Once your oven is ready, transfer the chickpeas to a bowl and toss with 1 tablespoon of olive oil. Move the oil coated chickpeas to a foil-lined baking sheet and roast for 30-35 minutes, giving them a good stir about every 10 minutes.
When they are nice and golden, remove them from the oven and immediately toss with the juice of 1/2 a lime, a good pinch of kosher salt and 1 teaspoon lime zest. Serve immediately for the best crunch.
These will keep in an airtight container for 1-2 days, but will definitely soften as they sit.
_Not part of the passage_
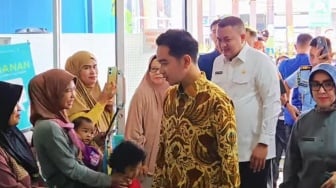 Didampingi Bupati Rudy Susmanto, Gibran Ajak Guru dan Siswa Bogor Kuasai AI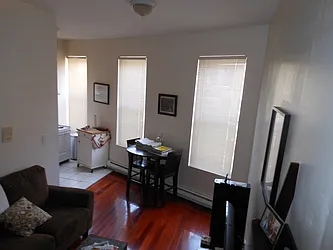 Rented by Urban Ambiance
This recipe easily scales up if you want to make a larger batch (and I recommend that you do!).
- 1 can chickpeas, rinsed and drained
- 1 tablespoon olive oil
- 1 teaspoon lime zest
- Juice of ½ a lime
- 1 pinch kosher salt
- Preheat the oven to 400 degrees.
- Spread the rinsed chickpeas onto a lined pan of paper towels and allow to dry while the oven preheats.
- Add the chickpeas to a bowl and toss with 1 tablespoon of olive oil.
- Transfer the oiled chickpeas to a foil lined baking sheet and bake until crunchy and golden brown, approximately 30-35 minutes.
- Toss the warm chickpeas with lime zest, a generous pinch of kosher salt, and the juice of half a lime. Serve immediately!